§ **EXERCISE INSTRUCTIONS**: Please repeat only the lines below starting at the line that holds "Eleonora bleed buildup" and ending at the line that holds "What a beautiful shell", exactly, with both of those lines included and every picture omitted.

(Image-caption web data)
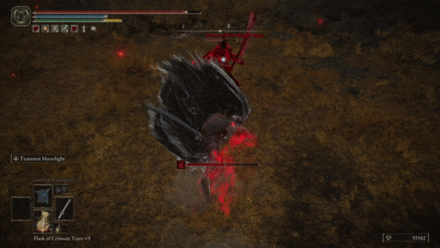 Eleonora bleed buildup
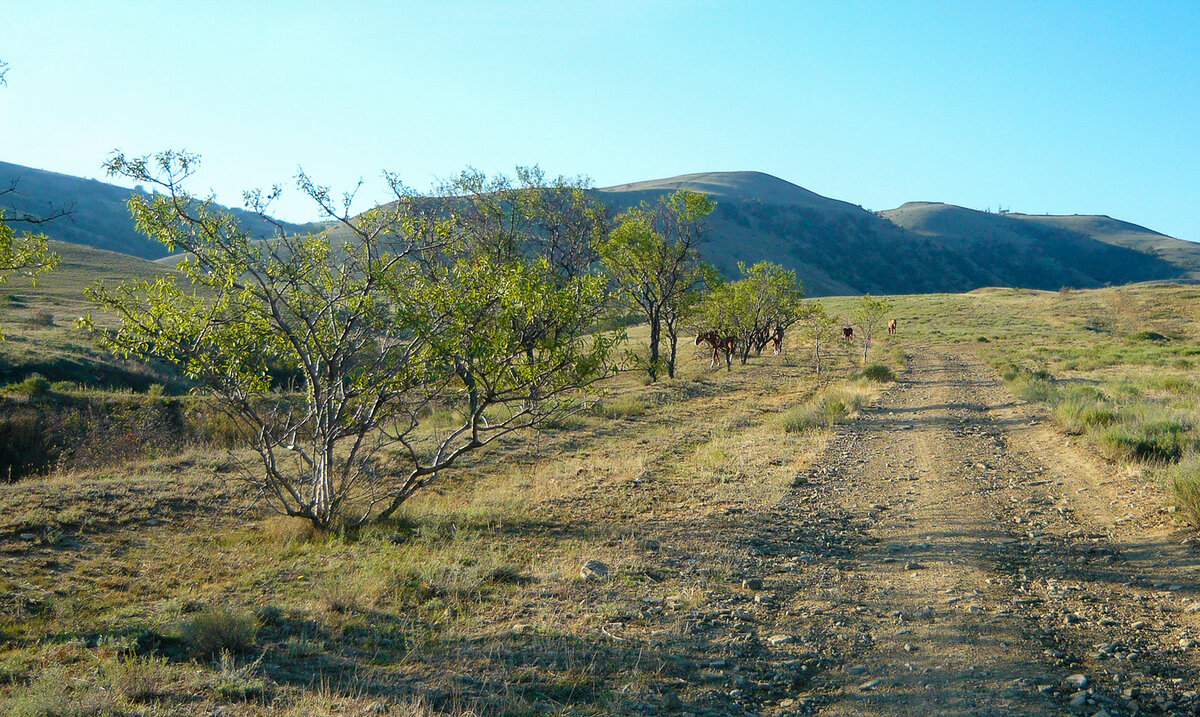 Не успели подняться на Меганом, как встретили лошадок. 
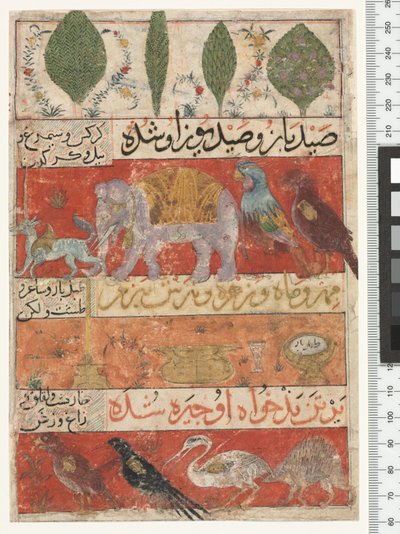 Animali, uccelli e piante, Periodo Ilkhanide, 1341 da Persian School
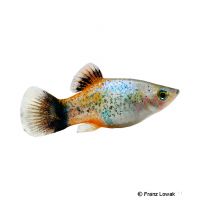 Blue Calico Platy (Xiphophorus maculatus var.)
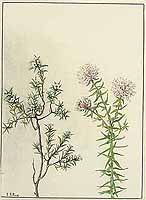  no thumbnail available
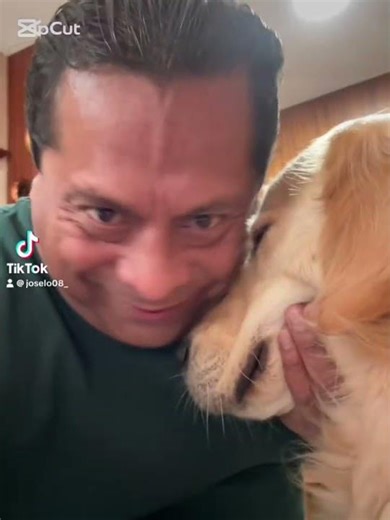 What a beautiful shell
==
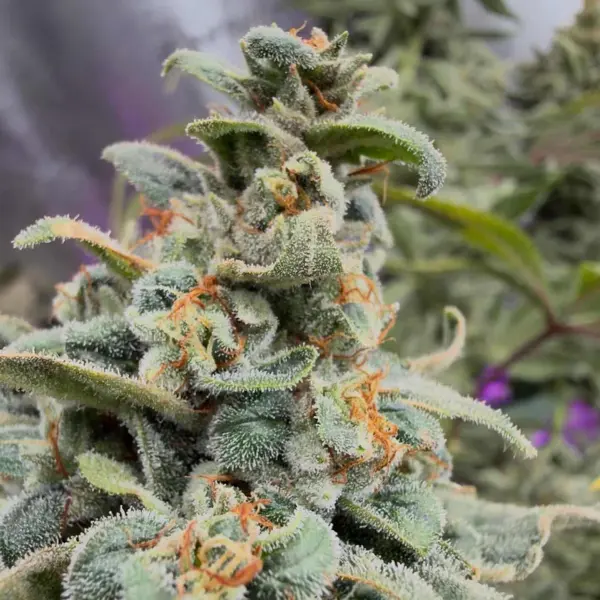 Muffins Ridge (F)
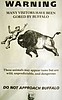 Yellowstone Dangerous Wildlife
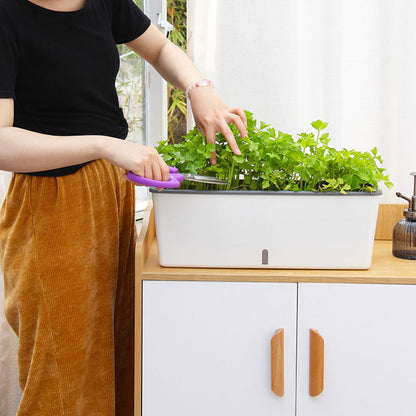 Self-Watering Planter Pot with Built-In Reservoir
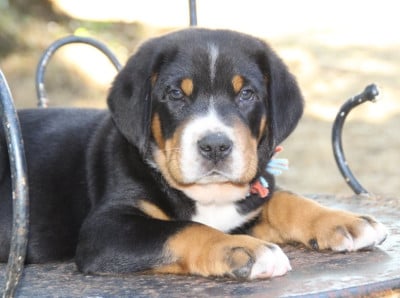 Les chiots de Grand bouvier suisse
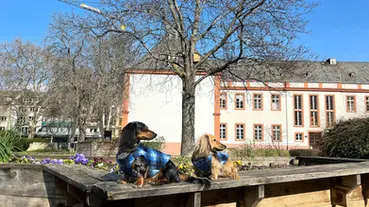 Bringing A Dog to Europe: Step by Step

§ **SOLUTION TO THIS EXERCISE**:
 Eleonora bleed buildup
 Не успели подняться на Меганом, как встретили лошадок. 
 Animali, uccelli e piante, Periodo Ilkhanide, 1341 da Persian School
 Blue Calico Platy (Xiphophorus maculatus var.)
  no thumbnail available
 What a beautiful shell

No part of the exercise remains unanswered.